XEBECマーケティングチームの板橋です。「バリなきこと」について調査しましたので公開します。
バリは残っていることで、様々なトラブルが発生します。その多くは品質に関するものです。
バリがあることで部品を正確に組み付けることができなかったり、期待する性能が発揮されなかったり、脱落して誤作動の原因になることがあります。また、バリがあることで、工作物に触れる作業者に危害が及ぶ原因になります。
そのため、ほとんどの場合、「バリは取らなければならないもの」とされていますが、図面には、大抵「バリなきこと」と記載されています。
しかし、具体的なバリの除去方法や、その寸法などを指示するわけではなく、その図面指示が曖昧であるために、苦労している方は多そうです。
たとえば、発注元の部品メーカーが許容するバリの基準が不明なまま部品が出来上がったとします。そこで何か問題が発生し、その原因がバリに在った際、「バリなきこと」と書いた設計は圧倒的に弱く、責任の所在はバリ取りを担当した者になってしまうことも多いと聞きます。

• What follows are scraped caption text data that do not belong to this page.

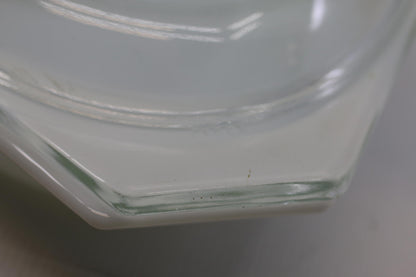 Vintage 1960's Pyrex Royal Wheat 1.5 qt. Divided Casserole Dish Oval WITH Lid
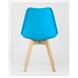 Комплект из четырех стульев|Stool Group|FRANKFURT бирюзовый пластик сиденье из экокожи ножки массив бука Комплект из четырех стульев|Stool Group|FRANKFURT бирюзовый пластик сиденье из экокожи ножки массив бука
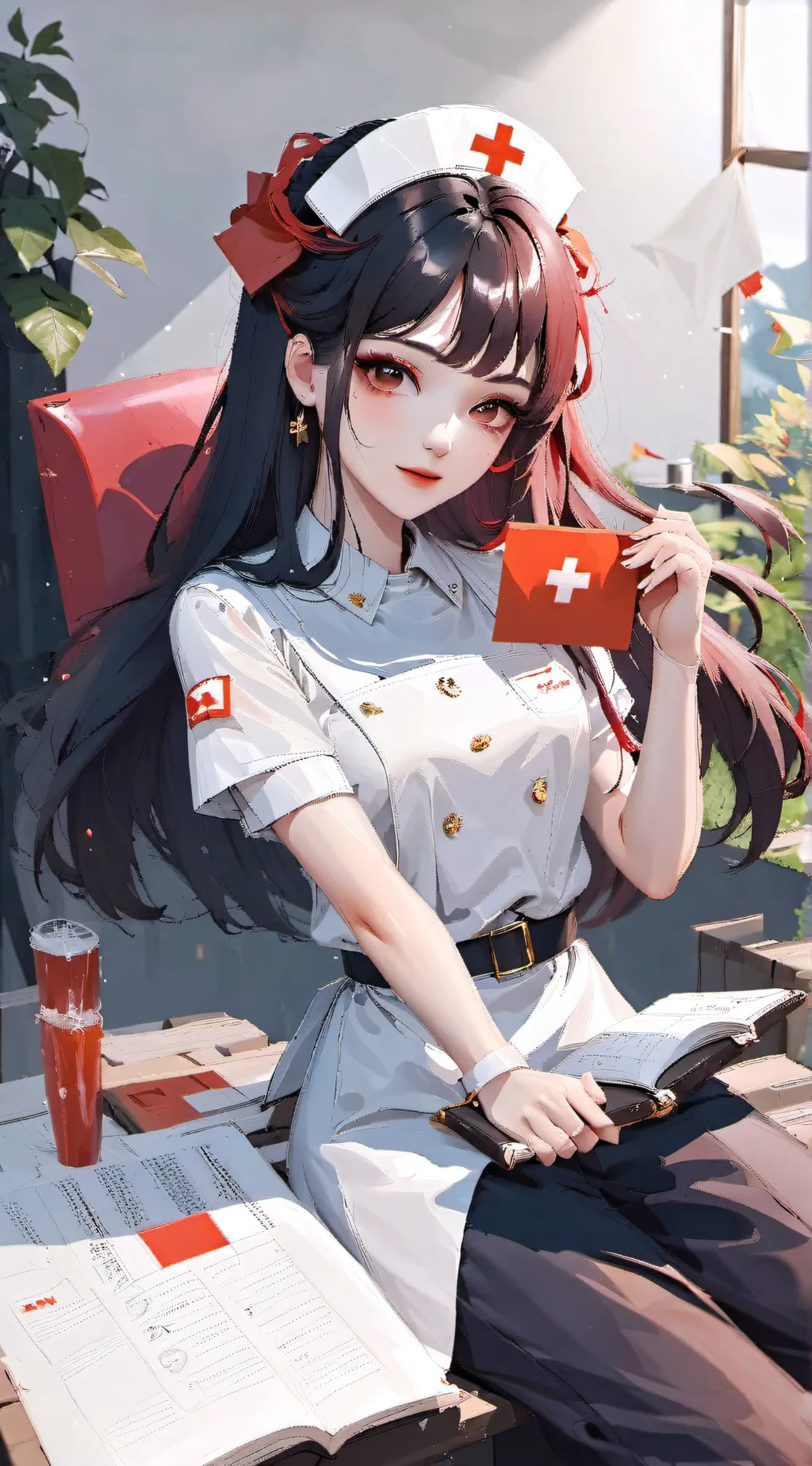 ai character: Sky background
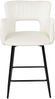 Set mit 2 Barstühlen SANILAC Samtstoff Creme Bild 4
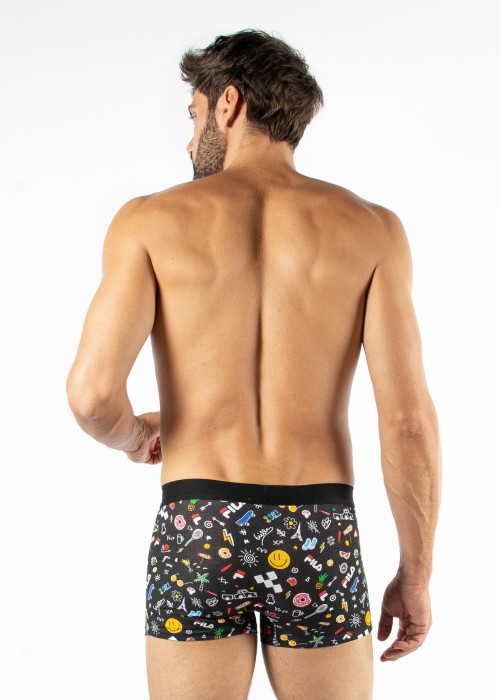 fila boxer fun με σχέδια μαύρο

私たちは金属加工に携わる30,000人の方を対象にバリに関する調査を実施し、453人の有効回答をもとに「バリなきこと」の基準を考えました。(2018年5月 / 調査実施)
まず、調査の結果をもとに、各企業が「バリなきこと」と部品メーカーから注文を受けた際に、「バリを除去できたと判断する基準」は下記となっているようでした。
合計 | 453 | 100% |
選択肢 | 回答数 | 割合 |
①目視でバリを確認し、目に見えるバリが無ければOK | 74 | 16% |
②バリを触ってみて、感じられるバリが無ければOK | 275 | 61% |
③上記以外で何らかの測定を行い、規定値以下になればOK | 72 | 16% |
④機能的に有害性がなければバリを取らなくてOK | 11 | 2% |
⑤その他の方法で判断 | 21 | 5% |
「バリなきこと」という図面指示において、具体的な数値を指定されないことがほとんどであるため、目視もしくは触ることのみでバリの有無を判断しているケースもまた77%にものぼり、バリを数値管理しているユーザーは少ない状況です。
一方で、何らかの方法でバリ測定を行っている企業のうち66%の企業はデジタルマイクロスコープや精密測定顕微鏡などといった拡大鏡の倍率による判定法を採用しているようでした。
同様の対象に、納品先から「バリの取り直し」を依頼された場合、具体的な手法や目標値の指定がされているかどうか?を質問した際には下記の結果となりました。
合計 | 150 | 100% |
選択肢 | 回答数 | 割合 |
具体的な規定値の指定がされる | 30 | 20% |
具体的な規定値の指定はされない | 120 | 80% |
「バリの取り直し」の依頼の際にも、規定値は指定されずに曖昧な戻しがされることがほとんどのようです。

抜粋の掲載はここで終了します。